The Department for Work and Pensions (DWP) has finally published excerpts from secret internal reports—revealing how its own grave errors contributed to the deaths of Universal Credit (UC) claimants. These disclosures come just days after MPs approved £2 billion‑a‑year cuts to the health component of UC, exposing a staggering moral vacuum at the heart of government policy.
These are no isolated incidents. As Disability News Service (DNS) reported, so-called internal process reviews (IPRs) of serious cases linked to UC almost doubled between 2023–24 and 2024–25—rising from 31 to 55 cases affecting UC claimants—and totaling 59 claimant deaths, up sharply from the previous period. That the DWP concealed the sheer scale of such cases for so long seems deliberately reckless—not merely negligent.

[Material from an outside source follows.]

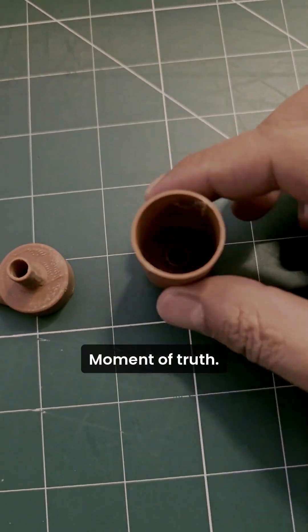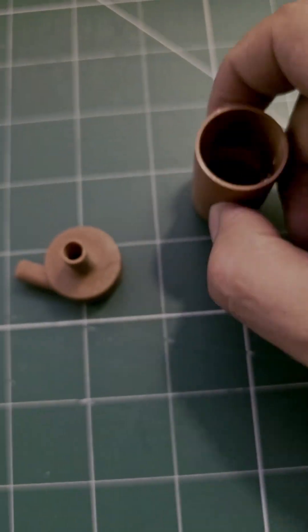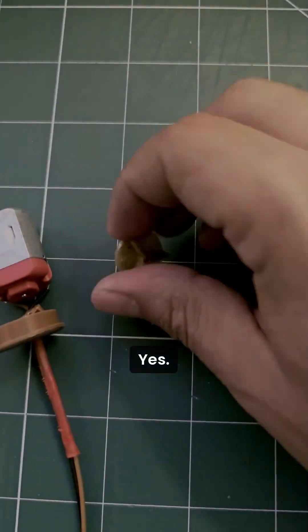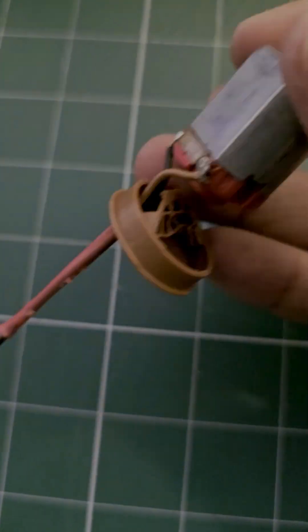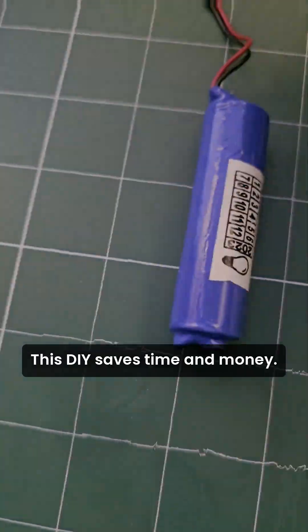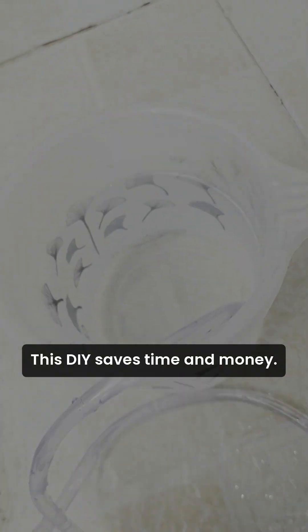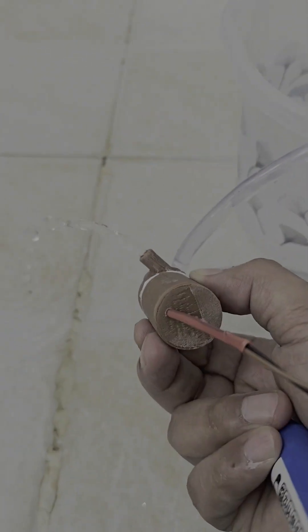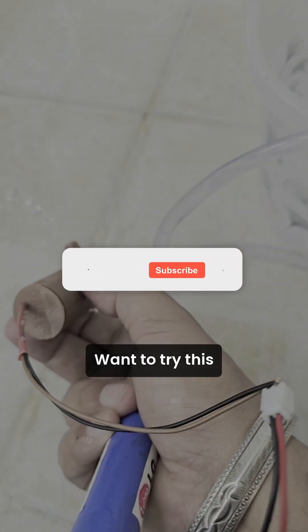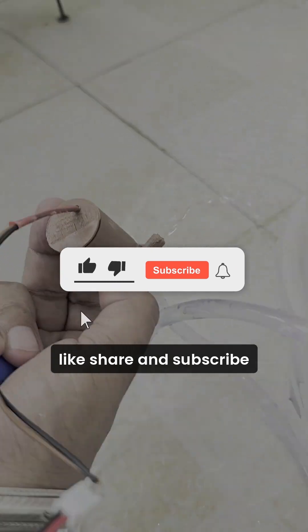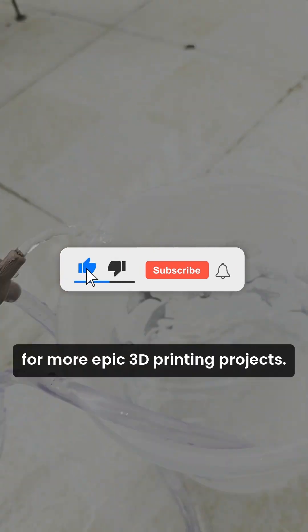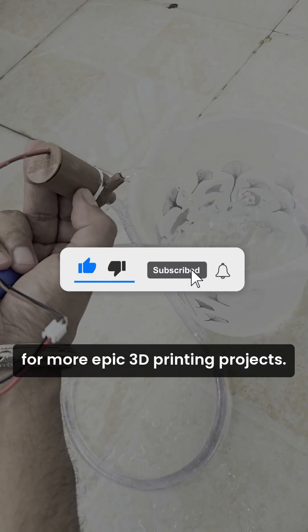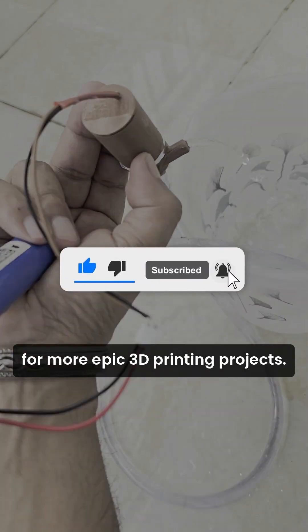Moment of truth. Does it work? Yes! This DIY pump saves time and money. Want to try this? Like, share, and subscribe for more epic 3D printing projects.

DWP reports paint a damning picture
The newly published excerpts paint a damning picture. They reveal DWP staff repeatedly failed to meet essential support standards: nearly 20% of UC cases in a sample breached vulnerability and self-harm protocol standards. If extrapolated, these partial results suggest thousands of monthly failures, many with potentially life‑threatening consequences.
As DNS reported:
Among the 2022-23 reviews, one IPR found: “Customer had difficulty accessing their [online UC] journal, but messages were still communicated via this channel.”
Another in the 2022-23 batch found: “The customer’s needs and vulnerability details were provided, but opportunities to support them and refer to other services were missed.”
Perhaps most damningly, a third review said:
Concerns around the customer’s welfare were not raised with the appropriate team.
The correct process was not followed when the customer failed to make contact.
Colleagues did not respond sensitively when it was reported that customer had attempted suicide.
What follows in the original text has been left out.